AVAILABLE DATA ▸
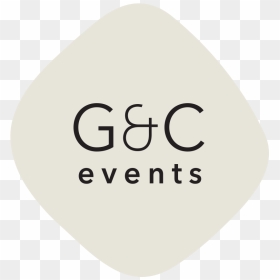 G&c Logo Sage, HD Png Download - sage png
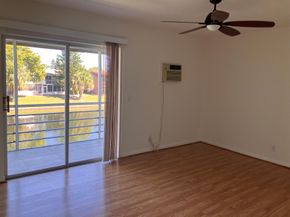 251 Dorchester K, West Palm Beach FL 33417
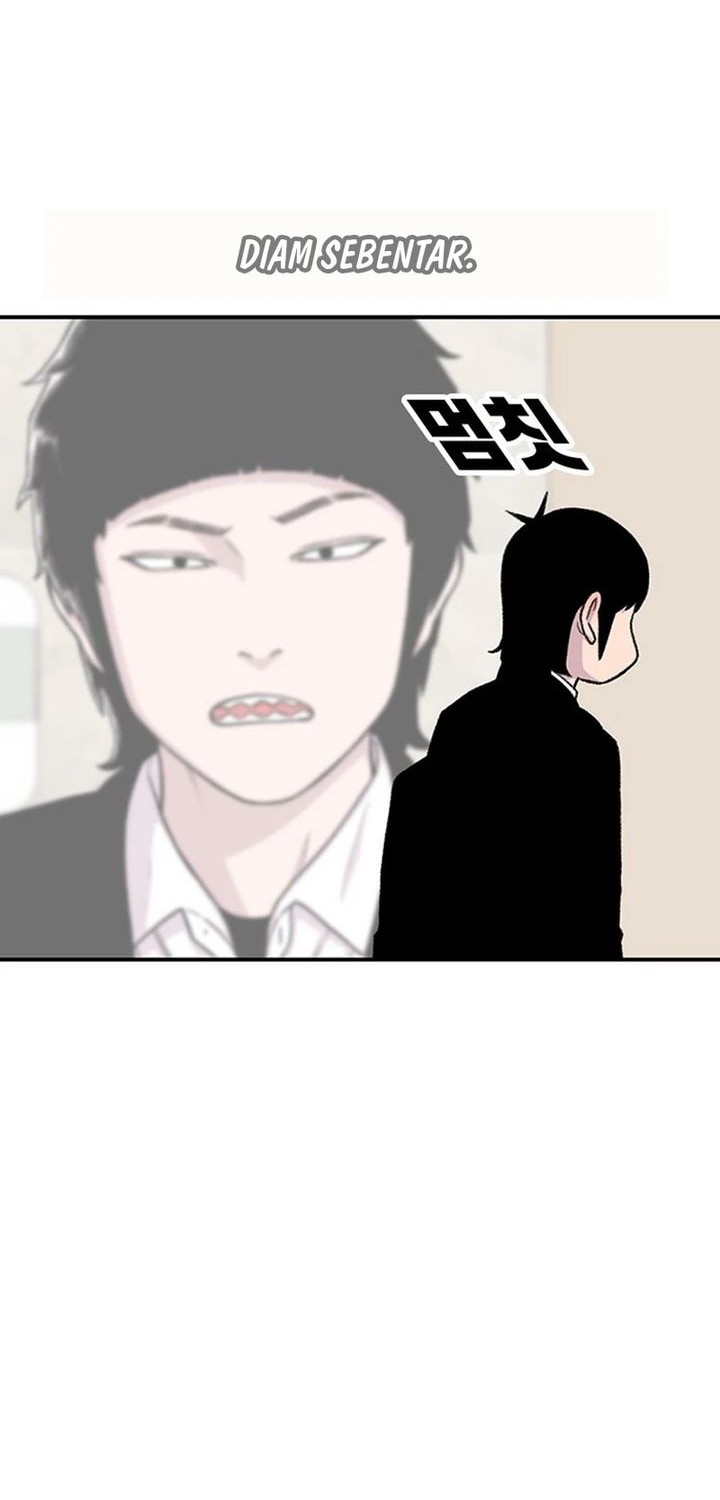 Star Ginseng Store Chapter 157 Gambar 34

* * *

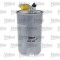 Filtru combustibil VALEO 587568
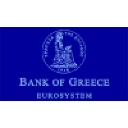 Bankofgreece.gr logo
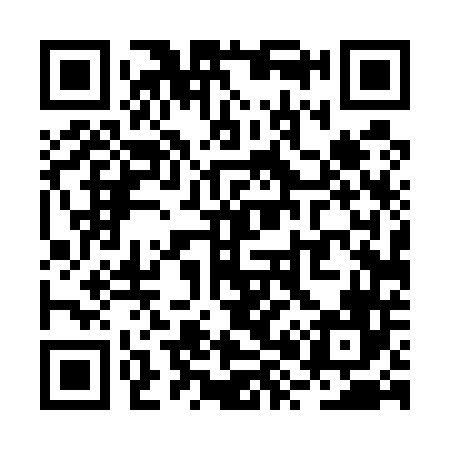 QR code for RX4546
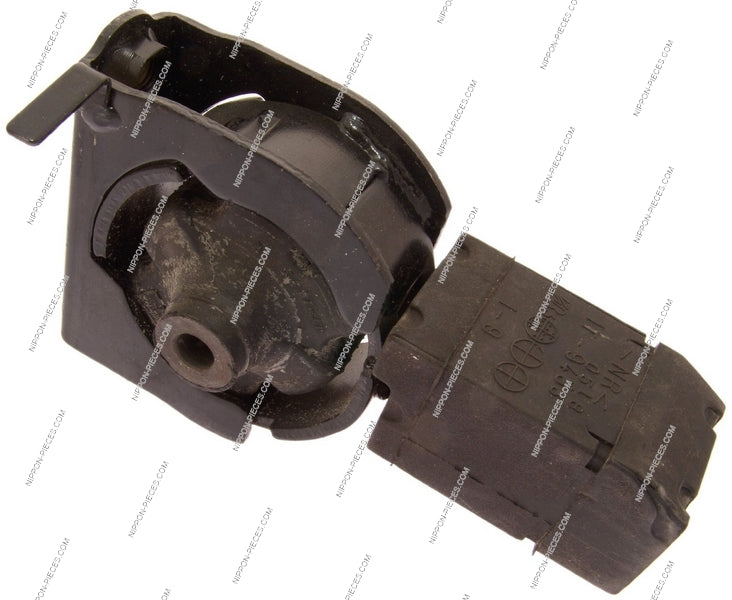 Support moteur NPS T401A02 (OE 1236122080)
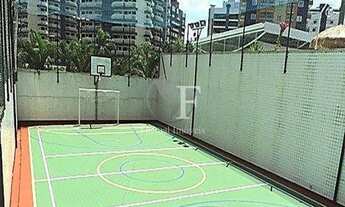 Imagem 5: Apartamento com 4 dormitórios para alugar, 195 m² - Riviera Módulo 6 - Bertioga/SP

---

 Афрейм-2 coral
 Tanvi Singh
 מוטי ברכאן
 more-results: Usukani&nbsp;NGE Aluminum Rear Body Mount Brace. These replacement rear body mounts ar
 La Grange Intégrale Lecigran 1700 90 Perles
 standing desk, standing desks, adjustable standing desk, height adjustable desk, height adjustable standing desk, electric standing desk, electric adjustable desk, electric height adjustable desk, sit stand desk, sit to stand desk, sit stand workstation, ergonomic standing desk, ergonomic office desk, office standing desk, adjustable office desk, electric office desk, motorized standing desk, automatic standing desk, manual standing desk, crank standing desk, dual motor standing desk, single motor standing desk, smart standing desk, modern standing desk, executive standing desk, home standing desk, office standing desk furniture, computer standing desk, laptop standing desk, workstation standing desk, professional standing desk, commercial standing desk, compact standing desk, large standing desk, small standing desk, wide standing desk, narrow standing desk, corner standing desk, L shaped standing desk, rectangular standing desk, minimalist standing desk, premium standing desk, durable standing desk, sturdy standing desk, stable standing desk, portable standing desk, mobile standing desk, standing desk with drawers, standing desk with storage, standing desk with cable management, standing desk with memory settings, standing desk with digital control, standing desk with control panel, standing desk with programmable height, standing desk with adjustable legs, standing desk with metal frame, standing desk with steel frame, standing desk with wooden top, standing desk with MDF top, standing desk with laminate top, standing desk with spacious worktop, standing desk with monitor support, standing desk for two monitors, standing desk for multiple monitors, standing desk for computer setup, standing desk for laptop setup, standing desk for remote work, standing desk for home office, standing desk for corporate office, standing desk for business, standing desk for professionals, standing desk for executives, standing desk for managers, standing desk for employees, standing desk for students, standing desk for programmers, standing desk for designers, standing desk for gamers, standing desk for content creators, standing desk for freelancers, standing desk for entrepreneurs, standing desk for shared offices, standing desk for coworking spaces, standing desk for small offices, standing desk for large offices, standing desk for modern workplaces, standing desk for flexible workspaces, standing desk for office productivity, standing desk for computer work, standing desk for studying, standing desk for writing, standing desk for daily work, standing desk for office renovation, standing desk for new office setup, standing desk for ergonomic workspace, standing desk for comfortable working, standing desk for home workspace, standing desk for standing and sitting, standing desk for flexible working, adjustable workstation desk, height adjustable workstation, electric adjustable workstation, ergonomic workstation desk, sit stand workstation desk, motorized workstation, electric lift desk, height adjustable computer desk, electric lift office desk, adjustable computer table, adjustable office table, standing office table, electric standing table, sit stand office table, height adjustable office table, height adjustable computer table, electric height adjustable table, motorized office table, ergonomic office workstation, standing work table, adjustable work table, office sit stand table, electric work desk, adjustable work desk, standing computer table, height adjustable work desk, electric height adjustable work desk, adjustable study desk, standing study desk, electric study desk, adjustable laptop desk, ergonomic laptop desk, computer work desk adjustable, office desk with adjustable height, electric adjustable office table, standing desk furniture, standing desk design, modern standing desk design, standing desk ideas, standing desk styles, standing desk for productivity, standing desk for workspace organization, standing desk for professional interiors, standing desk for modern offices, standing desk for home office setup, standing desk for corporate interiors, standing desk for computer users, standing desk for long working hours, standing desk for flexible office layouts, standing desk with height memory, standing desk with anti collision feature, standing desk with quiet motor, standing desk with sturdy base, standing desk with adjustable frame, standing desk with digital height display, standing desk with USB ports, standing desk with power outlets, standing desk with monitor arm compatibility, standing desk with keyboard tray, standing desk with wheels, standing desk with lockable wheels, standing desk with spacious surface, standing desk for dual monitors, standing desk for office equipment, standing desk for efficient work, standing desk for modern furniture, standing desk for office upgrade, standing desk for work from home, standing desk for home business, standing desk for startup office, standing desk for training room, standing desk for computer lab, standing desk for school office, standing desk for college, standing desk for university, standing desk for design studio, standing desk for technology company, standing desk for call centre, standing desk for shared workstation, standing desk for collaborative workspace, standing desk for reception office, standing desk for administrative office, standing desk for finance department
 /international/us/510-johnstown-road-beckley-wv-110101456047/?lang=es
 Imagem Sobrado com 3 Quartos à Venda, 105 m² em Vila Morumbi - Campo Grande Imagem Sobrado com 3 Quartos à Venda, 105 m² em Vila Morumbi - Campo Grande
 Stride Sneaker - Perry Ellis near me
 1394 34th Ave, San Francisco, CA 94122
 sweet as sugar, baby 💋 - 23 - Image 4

EXERCISE DETAILS ▸ Would you please repeat only the lines above, beginning at the one that has "251 Dorchester K, West Palm Beach FL 33417" and stopping after the one that has "Star Ginseng Store Chapter 157 Gambar 34", exactly and with no pictures?

YOUR SOLUTION ▸
 251 Dorchester K, West Palm Beach FL 33417
 Star Ginseng Store Chapter 157 Gambar 34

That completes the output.